If you don’t already have an ice cream maker, buy a model that uses a pre-frozen canister that you keep in your freezer, ready to go. Try the Cuisinart Ice Cream Maker from Williams-Sonoma, $60.

This is a recipe for insanely rich blueberry ice cream, adapted from the vanilla recipe in David Lebovitz’s The Perfect Scoop: Ice Creams, Sorbets, Granitas, and Sweet Accompaniments (Ten Speed Press, 2007).


1 cup fresh blueberries
¾ cup sugar
1 cup whole milk or half-and-half
2 cups heavy cream
pinch of salt
1 vanilla bean, split in half lengthwise
6 large egg yolks
¾ tsp high-quality vanilla extract
1 tsp grated orange rind

Freeze the ice cream maker’s mixing bowl before beginning this recipe. Also, place a medium-sized bowl in the freezer for the finished ice cream.

In a small saucepan, heat blueberries and ¼ cup sugar over medium heat, stirring constantly, until blueberries begin to cook down, about 10 minutes. Set sauce aside to cool.

Warm milk (or half-and-half), ½ cup sugar, 1 cup cream, and salt in a medium saucepan over low heat. Scrape seeds from vanilla bean into the mixture and then add whole bean. Cover, remove from heat, and let steep at room temperature for 30 minutes.

Pour remaining 1 cup of cream into a large bowl and set a mesh strainer on top. Set aside.

In a separate, medium-sized bowl, whisk together egg yolks. After warm vanilla-cream mixture has steeped, slowly pour it into egg yolks, whisking constantly. Scrape mixture back into saucepan.

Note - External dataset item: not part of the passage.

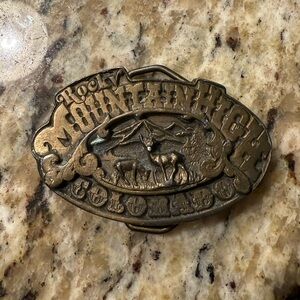 Vintage 1975 Rocky Mountain High Colorado Brass Belt Buckle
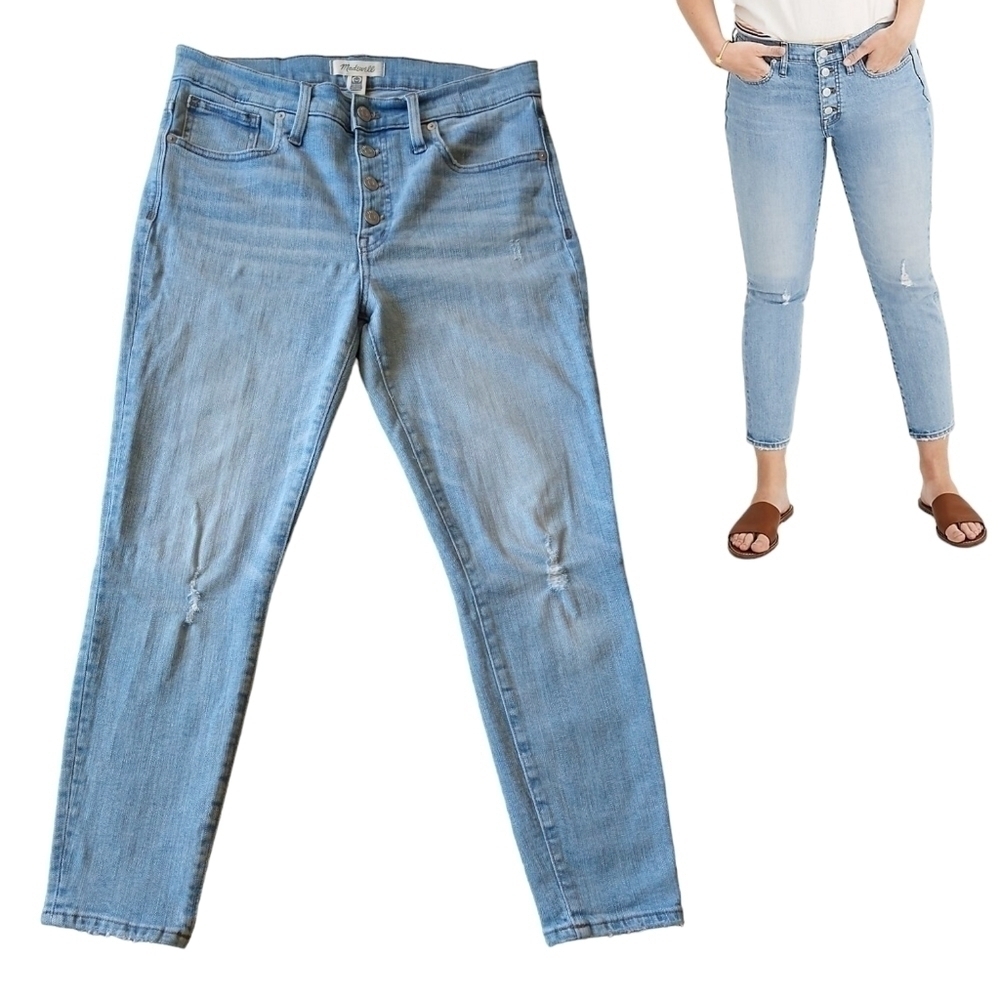 Madewell 9” High-Rise Skinny Jeans Cropped Asbury Wash Button Fly K7511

Stir mixture constantly over medium heat with a heatproof spatula, scraping the bottom as you stir, until mixture thickens and coats the spatula. Pour mixture through the mesh strainer into the bowl of cream then stir. Add vanilla extract, whisk in orange rind, and chill over an ice-water bath until cool.

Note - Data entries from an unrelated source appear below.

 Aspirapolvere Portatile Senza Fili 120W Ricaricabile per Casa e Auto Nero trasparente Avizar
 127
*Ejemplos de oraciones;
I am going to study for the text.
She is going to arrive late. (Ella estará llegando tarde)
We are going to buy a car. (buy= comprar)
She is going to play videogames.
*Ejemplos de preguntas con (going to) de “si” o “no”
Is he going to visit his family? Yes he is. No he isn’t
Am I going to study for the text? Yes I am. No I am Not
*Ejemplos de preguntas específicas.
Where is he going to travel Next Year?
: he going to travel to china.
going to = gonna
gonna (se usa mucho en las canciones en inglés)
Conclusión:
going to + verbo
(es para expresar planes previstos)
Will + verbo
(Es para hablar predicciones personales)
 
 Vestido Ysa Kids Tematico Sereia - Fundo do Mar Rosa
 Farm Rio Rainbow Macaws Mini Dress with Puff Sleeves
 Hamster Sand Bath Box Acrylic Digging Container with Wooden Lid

Chill mixture in the refrigerator. When ready to churn in the ice cream machine, remove vanilla bean. Remove the ice cream maker’s bowl from the freezer and scrape mixture into the frozen bowl. Churn according to the manufacturer’s instructions. Remove medium-sized bowl from freezer, scrape ice cream into the bowl, fold in the blueberry sauce (do not mix), and freeze again.